*** Opening SUPPLIED INFORMATION ***
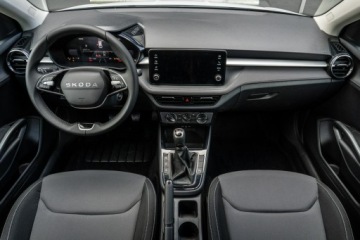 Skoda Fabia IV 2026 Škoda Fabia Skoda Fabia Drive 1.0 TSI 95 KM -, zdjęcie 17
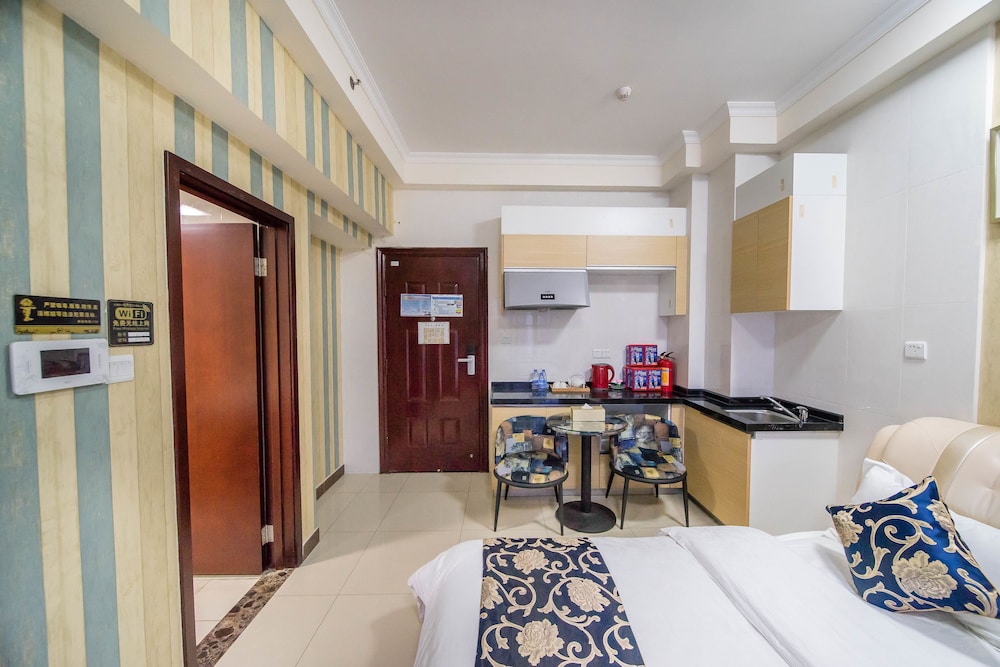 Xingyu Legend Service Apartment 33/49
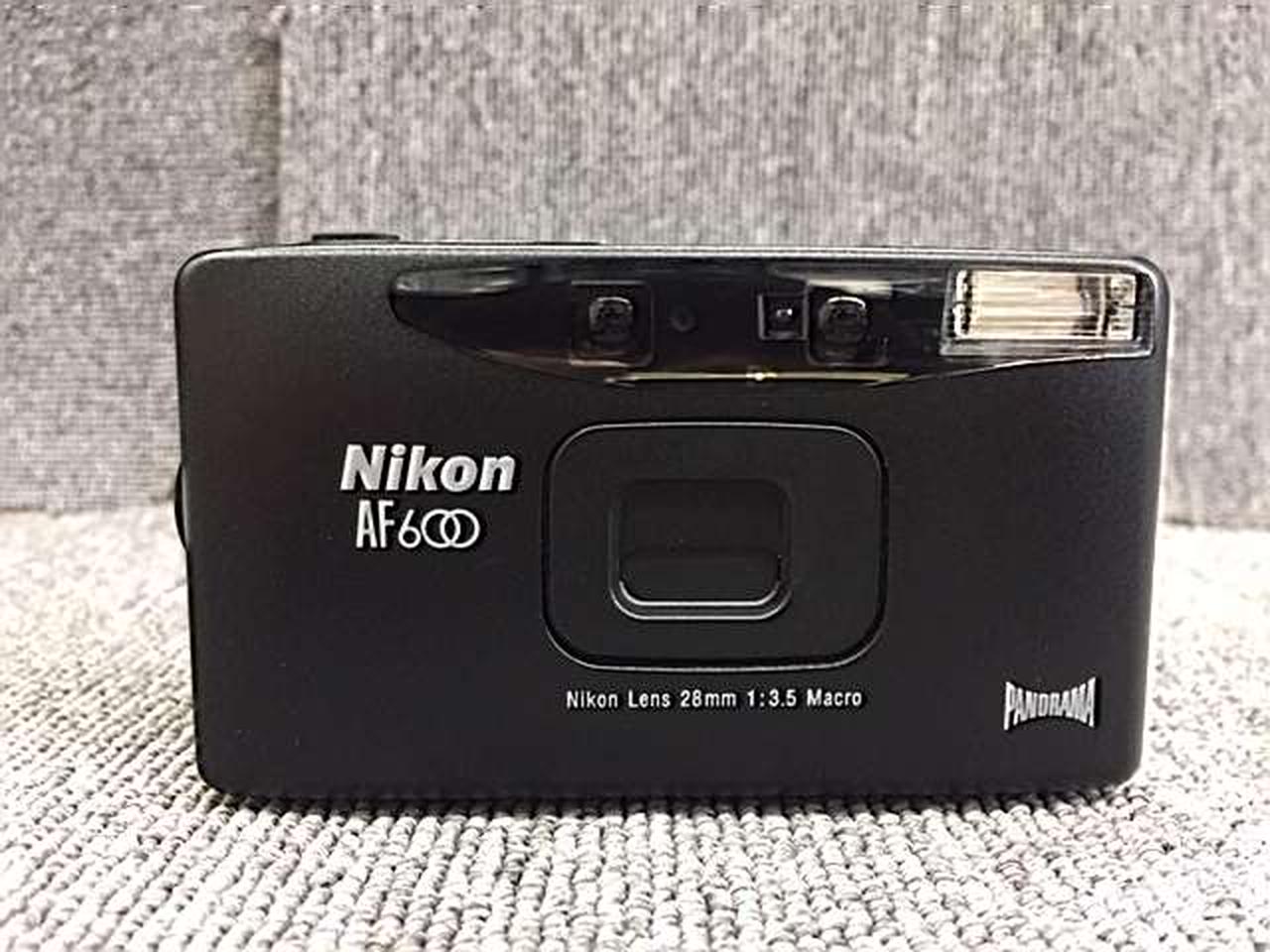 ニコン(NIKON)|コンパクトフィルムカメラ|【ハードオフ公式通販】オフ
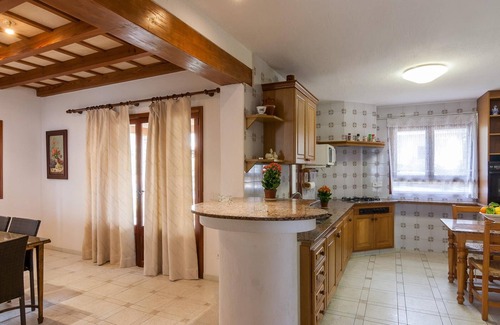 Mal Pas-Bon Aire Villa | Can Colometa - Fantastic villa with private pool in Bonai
*** Closing SUPPLIED INFORMATION ***
### REQUIREMENT
Repeat all the material exactly, but keep pictures out of the copy.

### REPLY
 Skoda Fabia IV 2026 Škoda Fabia Skoda Fabia Drive 1.0 TSI 95 KM -, zdjęcie 17
 Xingyu Legend Service Apartment 33/49
 ニコン(NIKON)|コンパクトフィルムカメラ|【ハードオフ公式通販】オフ
 Mal Pas-Bon Aire Villa | Can Colometa - Fantastic villa with private pool in Bonai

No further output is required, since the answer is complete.